*** Block opens ***

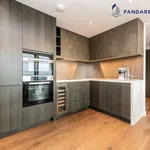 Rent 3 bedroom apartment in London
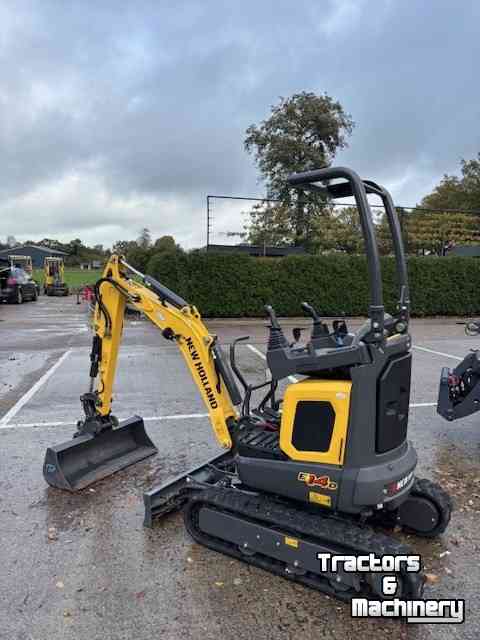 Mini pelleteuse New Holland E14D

*** Block closes ***
*** Block opens ***

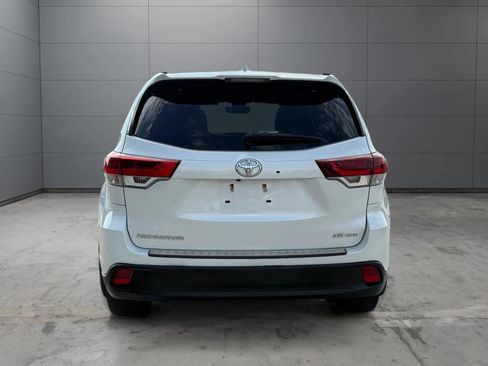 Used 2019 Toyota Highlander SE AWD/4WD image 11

*** Block closes ***
*** Block opens ***

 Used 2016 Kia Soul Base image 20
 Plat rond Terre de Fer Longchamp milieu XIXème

*** Block closes ***

To do >> When the line with "Used 2016 Kia Soul Base image 20" is reached in the data above, start copying there, and copy each line exactly until the line with "Plat rond Terre" has been copied; copy nothing else.

Result of this task >>
 Used 2016 Kia Soul Base image 20
 Plat rond Terre de Fer Longchamp milieu XIXème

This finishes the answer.